When we moved into our house, I knew there would be space to grow my collection, and my first Christmas in the house, my husband and brothers surprised me with a 200 bottle custom shelving unit. As part of the surprise, they put all my existing 30 bottles into the shelf, and my brother-in-law’s friend, who had come along to help with installation, was in absolute astonishment that we had that much wine sitting around that hadn’t been drunk yet. His eyes were wide, and he simply couldn’t believe that we had the will power and where with all to keep a collection. 4 years later, my collection has grown, and my cellar probably sits with 300 bottles. It has taken dedication, a significant budget, and my few rules of purchasing wine to get to where I am today. So, how do you get started? Here are my rules to getting your cellar started and on track!
You have to have the right space/conditions to store wine...
Many houses now days are built with a cold room, this will suffice, but is not the ultimate place for your most prized possessions. I realize that not everyone has the budget to build a state-of- the-art-cellar; and that is okay. If you are looking to purchase and keep wines for more than 5 years, I suggest purchasing a wine fridge to store some of your collection. It will simply ensure the temperature and humidity is correct for your wine.

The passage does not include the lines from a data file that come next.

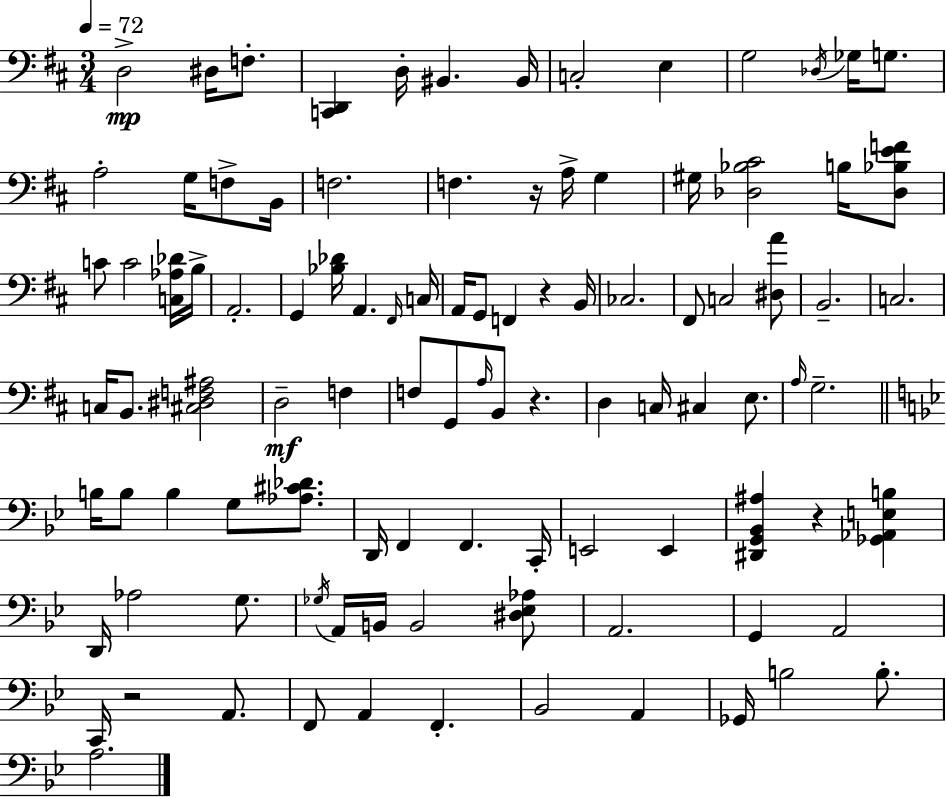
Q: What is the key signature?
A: D major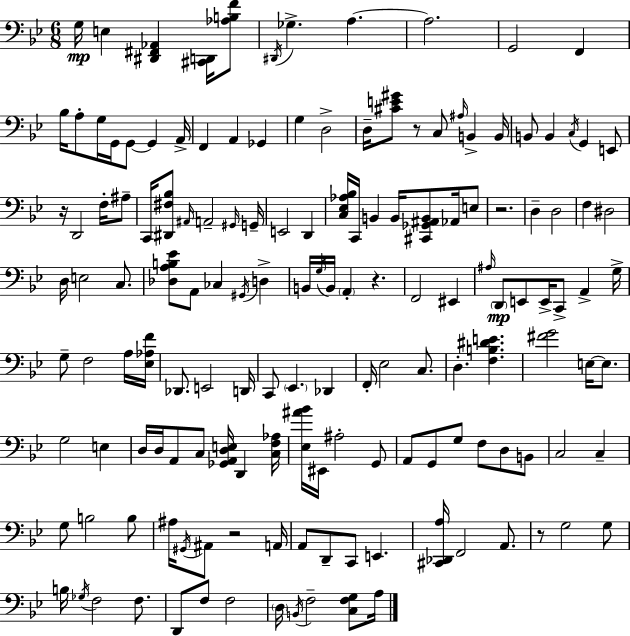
G3/s E3/q [D#2,F#2,Ab2]/q [C#2,D2]/s [Ab3,B3,F4]/e D#2/s Gb3/q. A3/q. A3/h. G2/h F2/q Bb3/s A3/e G3/s G2/s G2/e G2/q A2/s F2/q A2/q Gb2/q G3/q D3/h D3/s [C#4,E4,G#4]/e R/e C3/e A#3/s B2/q B2/s B2/e B2/q C3/s G2/q E2/e R/s D2/h F3/s A#3/e C2/s [D#2,F#3,Bb3]/e A#2/s A2/h G#2/s G2/s E2/h D2/q [C3,Eb3,Ab3,Bb3]/s C2/s B2/q B2/s [C#2,Gb2,A#2,B2]/e Ab2/s E3/e R/h. D3/q D3/h F3/q D#3/h D3/s E3/h C3/e. [Db3,A3,B3,Eb4]/e A2/e CES3/q G#2/s D3/q B2/s G3/s B2/s A2/q R/q. F2/h EIS2/q A#3/s D2/e E2/e E2/s C2/e A2/q G3/s G3/e F3/h A3/s [Eb3,Ab3,F4]/s Db2/e. E2/h D2/s C2/e Eb2/q. Db2/q F2/s Eb3/h C3/e. D3/q. [F3,B3,D#4,E4]/q. [F#4,G4]/h E3/s E3/e. G3/h E3/q D3/s D3/s A2/e C3/e [Gb2,A2,D3,E3]/s D2/q [C3,F3,Ab3]/s [Eb3,A#4,Bb4]/s EIS2/s A#3/h G2/e A2/e G2/e G3/e F3/e D3/e B2/e C3/h C3/q G3/e B3/h B3/e A#3/s G#2/s A#2/e R/h A2/s A2/e D2/e C2/e E2/q. [C#2,Db2,A3]/s F2/h A2/e. R/e G3/h G3/e B3/s Gb3/s F3/h F3/e. D2/e F3/e F3/h D3/s B2/s F3/h [C3,F3,G3]/e A3/s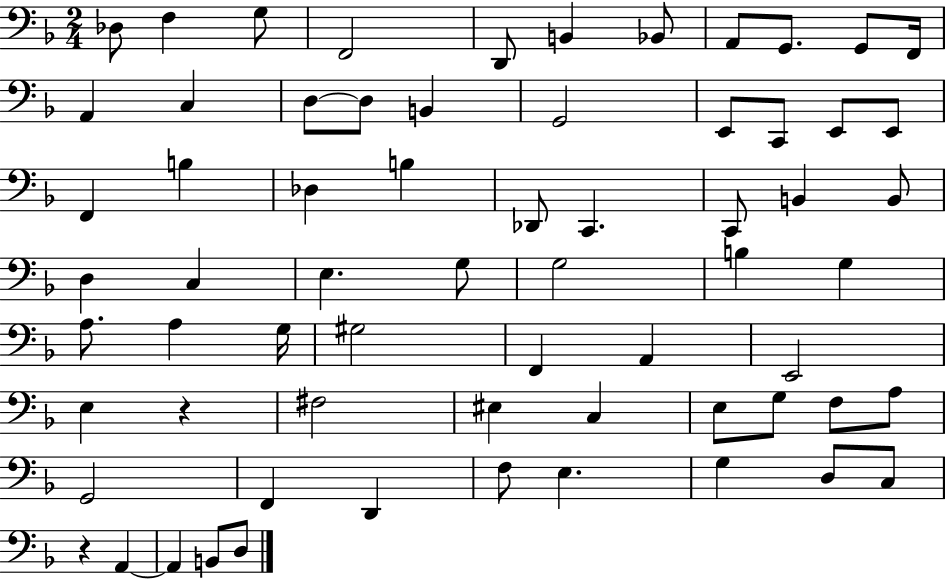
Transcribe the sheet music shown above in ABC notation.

X:1
T:Untitled
M:2/4
L:1/4
K:F
_D,/2 F, G,/2 F,,2 D,,/2 B,, _B,,/2 A,,/2 G,,/2 G,,/2 F,,/4 A,, C, D,/2 D,/2 B,, G,,2 E,,/2 C,,/2 E,,/2 E,,/2 F,, B, _D, B, _D,,/2 C,, C,,/2 B,, B,,/2 D, C, E, G,/2 G,2 B, G, A,/2 A, G,/4 ^G,2 F,, A,, E,,2 E, z ^F,2 ^E, C, E,/2 G,/2 F,/2 A,/2 G,,2 F,, D,, F,/2 E, G, D,/2 C,/2 z A,, A,, B,,/2 D,/2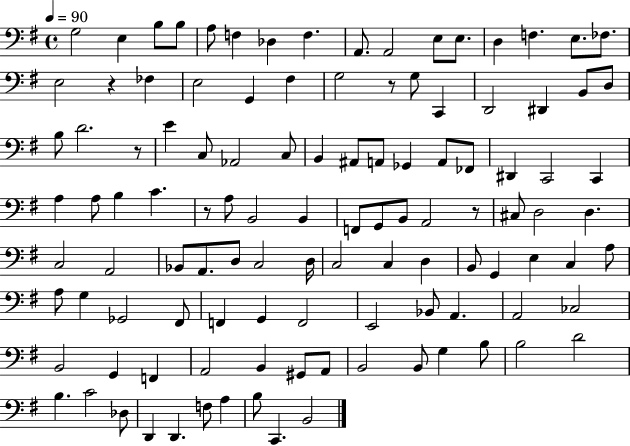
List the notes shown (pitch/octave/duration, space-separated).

G3/h E3/q B3/e B3/e A3/e F3/q Db3/q F3/q. A2/e. A2/h E3/e E3/e. D3/q F3/q. E3/e. FES3/e. E3/h R/q FES3/q E3/h G2/q F#3/q G3/h R/e G3/e C2/q D2/h D#2/q B2/e D3/e B3/e D4/h. R/e E4/q C3/e Ab2/h C3/e B2/q A#2/e A2/e Gb2/q A2/e FES2/e D#2/q C2/h C2/q A3/q A3/e B3/q C4/q. R/e A3/e B2/h B2/q F2/e G2/e B2/e A2/h R/e C#3/e D3/h D3/q. C3/h A2/h Bb2/e A2/e. D3/e C3/h D3/s C3/h C3/q D3/q B2/e G2/q E3/q C3/q A3/e A3/e G3/q Gb2/h F#2/e F2/q G2/q F2/h E2/h Bb2/e A2/q. A2/h CES3/h B2/h G2/q F2/q A2/h B2/q G#2/e A2/e B2/h B2/e G3/q B3/e B3/h D4/h B3/q. C4/h Db3/e D2/q D2/q. F3/e A3/q B3/e C2/q. B2/h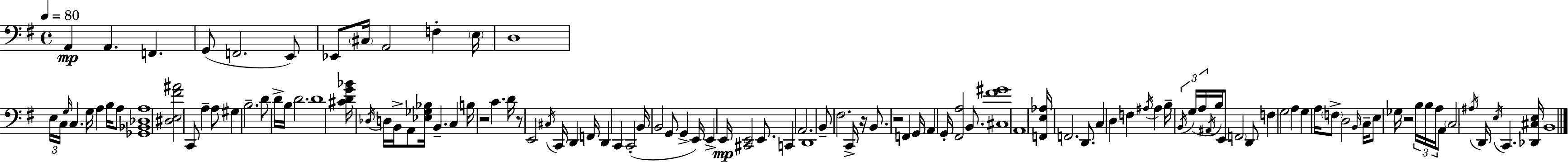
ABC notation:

X:1
T:Untitled
M:4/4
L:1/4
K:Em
A,, A,, F,, G,,/2 F,,2 E,,/2 _E,,/2 ^C,/4 A,,2 F, E,/4 D,4 E,/4 C,/4 G,/4 C, G,/4 A, B,/4 A,/2 [_G,,_B,,_D,A,]4 [^D,E,^F^A]2 C,,/2 A, A,/2 ^G, B,2 D/2 D/4 B,/4 D2 D4 [^CDG_B]/4 _D,/4 D,/4 B,,/4 A,,/2 [_E,_G,_B,]/4 B,, C, B,/4 z2 C D/4 z/2 E,,2 ^C,/4 C,,/4 D,, F,,/4 D,, C,, C,,2 B,,/4 B,,2 G,,/2 G,, E,,/4 E,, E,,/4 [^C,,E,,]2 E,,/2 C,, A,,2 D,,4 B,,/2 ^F,2 C,,/4 z/4 B,,/2 z2 F,, G,,/4 A,, G,,/4 [^F,,A,]2 B,,/2 [^C,^F^G]4 A,,4 [F,,E,_A,]/4 F,,2 D,,/2 C, D, F, ^A,/4 ^A, B,/4 B,,/4 G,/4 A,/4 ^A,,/4 B,/4 E,,/2 F,,2 D,,/2 F, G,2 A, G, A,/4 F,/2 D,2 B,,/4 C,/4 E,/2 _G,/4 z2 B,/4 B,/4 A,/4 A,,/2 C,2 ^A,/4 D,,/4 E,/4 C,, [_D,,^C,E,]/4 B,,4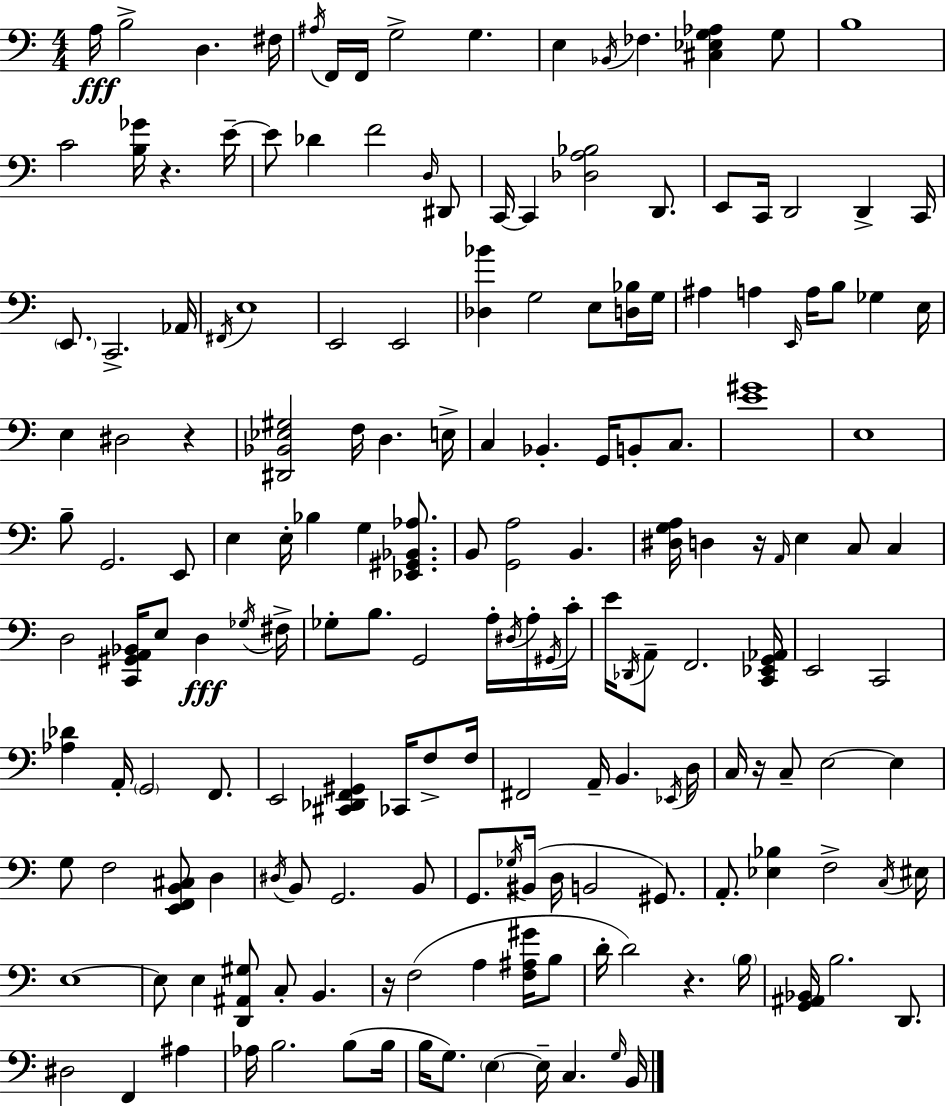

Most wine will be okay in your cold room if you keep these two things in mind- shelter the bottles from any light and lay and store your wine on its side. The reason for avoiding light is simply that UV will breakdown the wine with time. The reason for laying wine on its side, especially wine that has a natural cork, is that the wine will constantly touch the cork and stop it from drying out. A natural cork that dries out will contract and allow air into the bottle. This will spoil the wine.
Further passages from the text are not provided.